You can do significantly higher resolutions with various tricks like tiled diffusion, which is also a memory efficiency hack. (The stable-diffusion-webui tiled diffusion extension uses 2560×1280 direct [no upscale step] generation with an SD 1.5-based model as one of its examples.)
Up scaling the image in chunk creates loads of semantic issues. For example, bottom of tree might look further in the mountains but it's top will be near you. You don't see problems like these in non scaled images.
> Up scaling the image in chunk creates loads of semantic issues.
No, tiled upscaling generally does not have that problem significantly (compared to direct generation at native model-supported size, which doesn't completely avoid that kind of issue), since the composition on that level is set before the upscale (direct tiled generation does, if you aren’t using something like controlnet to avoid it.)

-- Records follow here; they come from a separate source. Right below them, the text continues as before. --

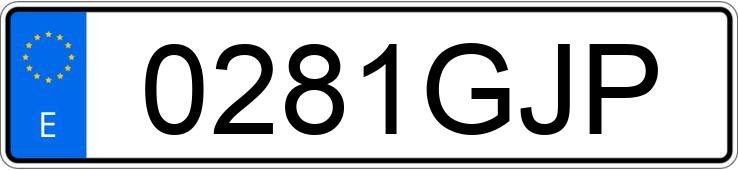 Numer rejestracyjny 0281GJP posiada BMW R 1200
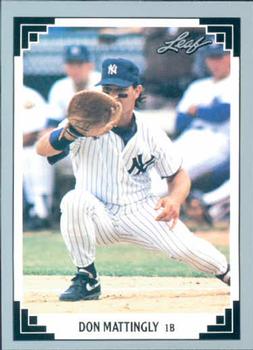 #425 Don Mattingly - New York Yankees - 1991 Leaf Baseball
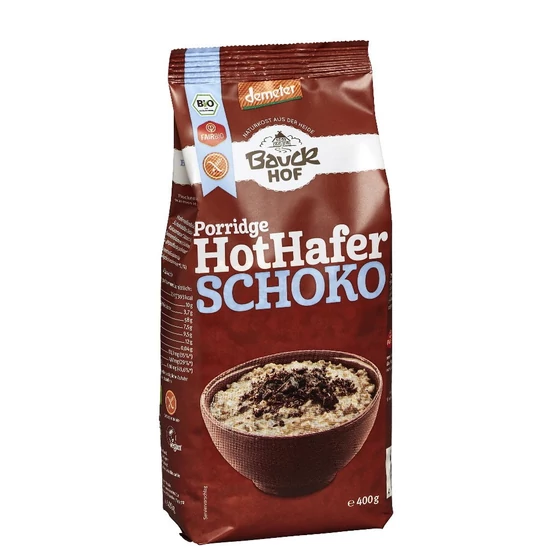 Bauckhof Meleg zabkása csokoládés - bio demeter, gluténmentes, vegán 400g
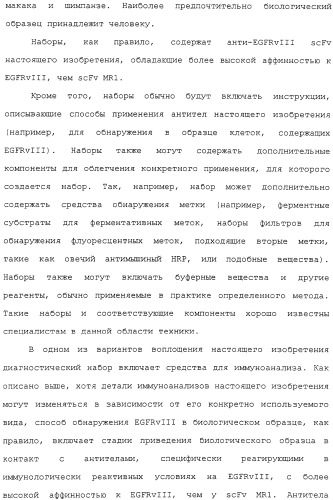 Scfv против egfrviii с улучшенной цитотоксичностью и выходом, иммунотоксины на их основе и способы их применения (патент 2317999)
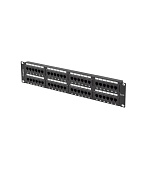 PATCH PANEL 48 PORTŮ 2U 19" CAT.6 UTP ČERNÝ LANBERG
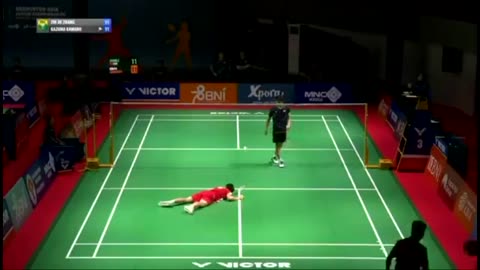 muerte en partido de badminton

> You don’t see problems like these in non scaled images.
You actually occasionally do, but its fairly rare.
It's conditioned on the lowres input, so if it doesn't have semantic discontinuites it doesn't happen. It will eventually happen if you continue doing this indefinitely, but with reasonable size to tile ratio (say <6x) it works well. With manual or object detection-assisted tiling and proper conditioning (controlnets sidechannel, especially if it's a custom trained controlnet/t2i) it can be pushed further.
You can do significantly higher resolutions with various tricks like tiled diffusion, which is also a memory efficiency hack. (The stable-diffusion-webui tiled diffusion extension uses 2560×1280 direct [no upscale step] generation with an SD 1.5-based model as one of its examples.)